You can understand why the stars get cold feet and hot-foot it to the family. However, it's one thing to hand a career on a plate to a parent in your teens, quite another when dad spots your talent when you're just out of nappies.

Since Terry Owen saw his son Michael's talent at the tender age of five, he's kept the lad on the straight and narrow, right down to the choice of the soccer star's agent. The 19-year-old is hardly under house arrest, but when he does wander down the garden path, it's to do Nice Boy things rubber-stamped by dad. "He's happy enough to unwind playing a game of golf," says Terry emphatically. "He has a girlfriend, but she's not a pop star." Poor Michael. Doesn't he realise that sex, drugs and Rolling Rock are the raison d'etre for a footie hero?

Steffi Graf's dad was her driving force from the moment she picked up a racquet when she was three. Big daddy oversaw her training and managed her finances so that she never knew exactly how much she got for those Wimbledon wins. Unfortunately, Pop was arrested in 1995 for tax evasion and now Steffi's replaced dad with a new manager and has taken charge of her own dosh.

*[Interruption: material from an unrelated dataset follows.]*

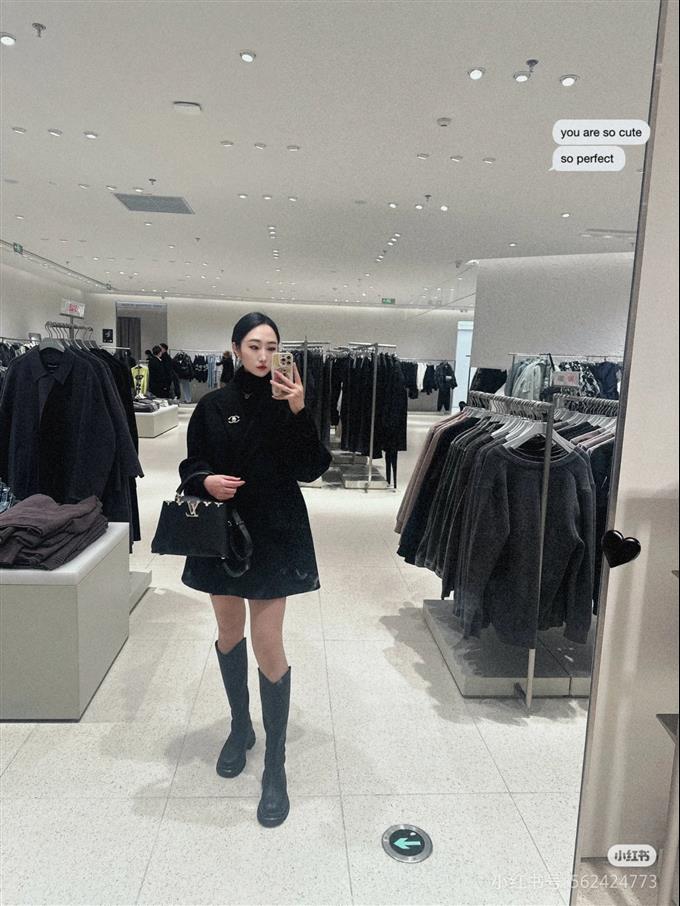 2025224M232639489498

In truth, the trust that celeb's have with their families is a double- edged sword. When finances and families come head-to-head, things can go horribly wrong. Sam Fox, the Eighties' favourite pin-up, sacked her father-manager Pat in 1992 and sued him for over pounds 1m. And the young ex- Arsenal footballer Nicolas Anelka, whose brothers Didier and Claude are his self-appointed agents, engineered the farce that became the player's exit from the London club. The brothers grim made the sort of financial demands that would make Donald Trump blush, and did nothing for the striker's reputation. But they are his big brothers and they've had the upper hand all his life.

But these celebs didn't choose their family's talents, it was thrust upon them. When it comes to the option of either employing a hardy professional or your good old mum you could do worse than choose the softer option. And what better revenge for a childhood of parental control than turning the tables on mum and dad? After all, putting the parents on the payroll must be the most empowering thing an offspring can do. Provided you've reached your 16th birthday.